Three Part Harmonies
Buried in this little historical piece is something that strikes me as really rather odd about three part harmonies.
First though the gist of the piece. The writer is talking about his own youth in Derry (Protestants might call it Londonderry) in Northern Ireland. The very strange thing is that while the economic set up would lead you to think that it would be a matriarchy, the actual set up was entirely different, a patriarchy.
It all revolved around the shirt factories (making them of Irish linen I assume) and there were thousands of well paid jobs for women: and almost none at all in the same town for men. No heavy industry in that part of Ireland at the time. Now when it’s women that hold the whip hand economically you expect the society itself to be matriarchal, at least to an extent. OK, maybe not very much of one, but you’d certainly expect a division of the household labor on a less than patriarchal basis. But this isn’t what happened at all. The women were doing all of the economically active work and also doing all of the household work and childcare even when long term unemployment for men was over 80%.
My assumption is that the larger culture (and in many ways that of Northern Ireland is still very different from the rest of the UK or the rest of Ireland for that matter) and the norms that it imposed were much stronger than the entirely local economic factors.

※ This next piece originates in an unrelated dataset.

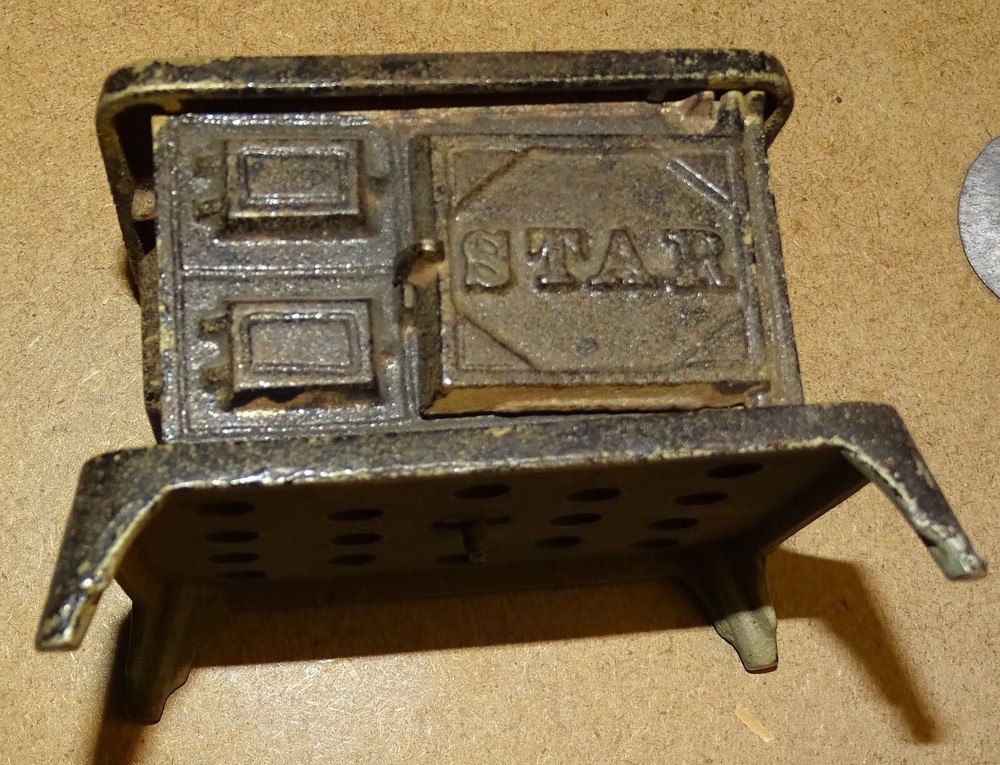 Minatare STAR Cast Iron Stove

But back to the three part harmonies.
In the process I also noticed something unique about the women of Derry. When they sang along to the tunes on the radio they would naturally slip into three-part harmony.
Elsewhere in the world of the white man, groups of men or women who burst into song generally tend to sing the melody in unison. Only in Africa and in other countries populated by our darker brothers do people tend to sing three-part harmony during a knees-up.

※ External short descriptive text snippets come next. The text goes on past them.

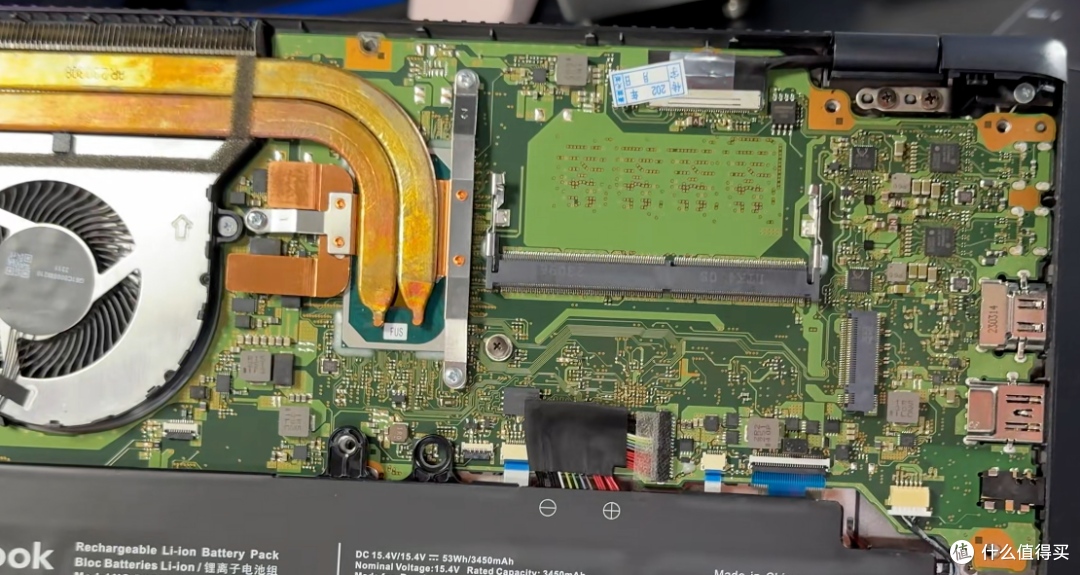 使用老张视频的截图标记了一下DDR4 内存插槽的位置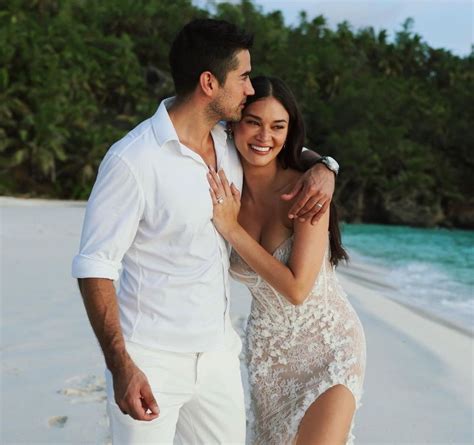 Momen Pernikahan Pia Wurtzbach Dan Jeremy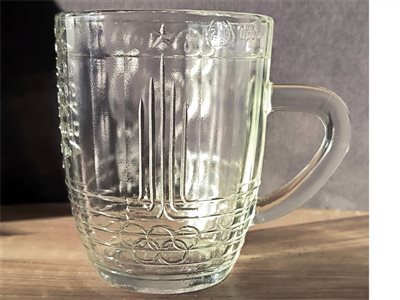 Кружка пивная. Вид сбоку.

There must be a thesis in there somewhere, along with the one about Irish traditional music having Moorish origins. Those’ll make the Ulster-Scots lobby sit up and pay attention.

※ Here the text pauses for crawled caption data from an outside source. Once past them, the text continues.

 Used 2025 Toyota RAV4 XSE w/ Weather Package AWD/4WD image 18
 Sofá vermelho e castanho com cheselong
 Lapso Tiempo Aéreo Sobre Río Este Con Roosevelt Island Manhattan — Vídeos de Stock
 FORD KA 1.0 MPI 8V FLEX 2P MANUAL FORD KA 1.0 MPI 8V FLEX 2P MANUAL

(Note the phrase “darker brothers” there: yes, Northern Ireland really is still rather different.) I’d add that in the American experience this use of three part harmony is associated with Appalachia: but then that’s the area that was settled by what you call the Scots-Irish and what the author is calling the Ulster-Scots.
So I wonder (anyone know music better than I do?) whether this is actually true? Is it something confined to certain African traditions and to the Irish one?